The Radio 3 Boards Forum from myforum365.com
09:37:03, 02-12-2008 *
Welcome, Guest. Please login or register.

Login with username, password and session length
News: Whilst we happily welcome all genuine applications to our forum, there may be times when we need to suspend registration temporarily, for example when suffering attacks of spam.
 If you want to join us but find that the temporary suspension has been activated, please try again later.
 
   Home   Help Search Login Register  

Pages: [1] 2 3 ... 5
  Print  
Author Topic: Rusalka in Rome  (Read 1695 times)
Il Grande Inquisitor
*****
Gender: Male
Posts: 4665



« on: 17:00:49, 27-01-2008 »

I’m going to visit a friend in Rome during half-term and she has managed to get tickets to see Rusalka at the Teatro dell’Opera (front row of the balcony).
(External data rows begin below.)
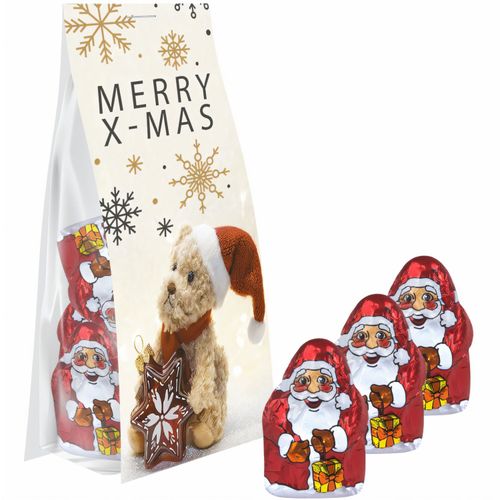 Mini Schoko-Weihnachtsmänner, ca. 40g, Express Blockbodenbeutel mit Werbereiter (Art.-Nr. CA542421) - Blockbodenbeutel aus transparenter...
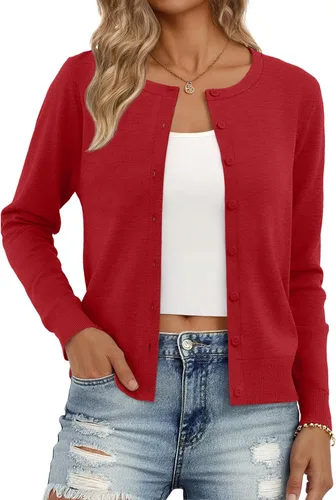Vista 9 de Trendy Queen Women's Lightweight Knit Cardigan Gris Melange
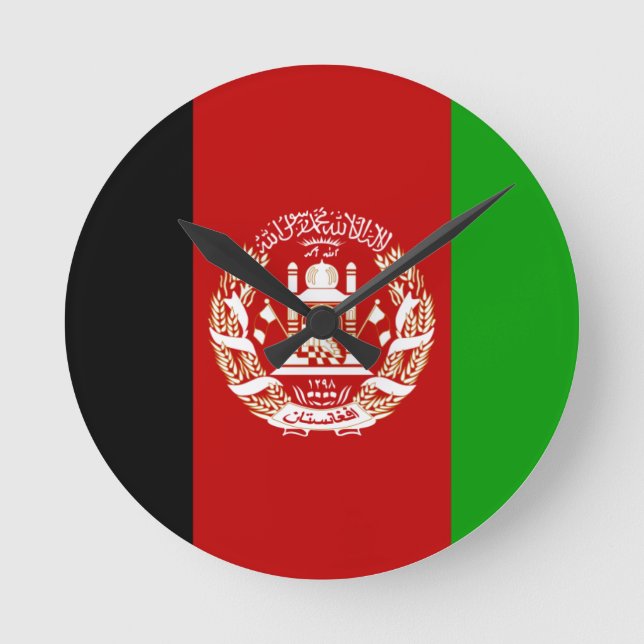 Afghanistan Flag Round Clock (Front)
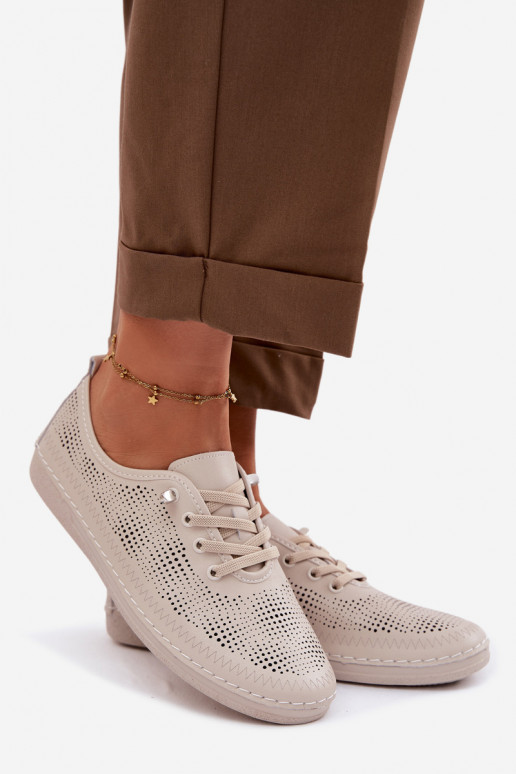 Oda su aužūro elementais batai Moteriškas S.Barski LR61-7083 smėlio spalvos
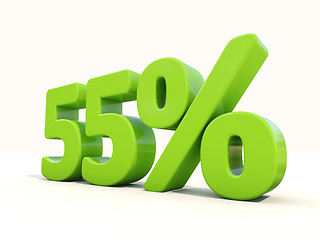 Image showing 55% percentage rate icon on a white background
I see that it’s conducted by Günter Neuhold (he of the 'Ring for a fiver' many posters seem to have picked up) and has Angeles Blancas Gulin in the cast as Rusalka:
http://www.operaroma.it/stagione/cartellone_2008/rusalka. It's being sung in Czech with Italian surtitles.

I’ve never seen Rusalka before. What should I expect? Anyone here seen a production? (Or directed one, Reiner?!) Apart from the Verona Arena, I’ve not been to opera in Italy either. It’s an experience I’m looking forward to. Any thoughts/ recommendations on Italian opera houses and/ or Rome most welcome!
Logged

Our chief weapon is surprise...surprise and fear...fear and surprise.... Our two weapons are fear and surprise...and ruthless efficiency
Don Basilio
*****
Gender: Male
Posts: 2682


Era solo un mio sospetto


« Reply #1 on: 17:11:04, 27-01-2008 »

I bought the CD set of Rusalka in the sales earlier this month.  It seems a pretty wonderful piece.  The libretto is very powerful, combining the Little Mermaid and Swan Lake.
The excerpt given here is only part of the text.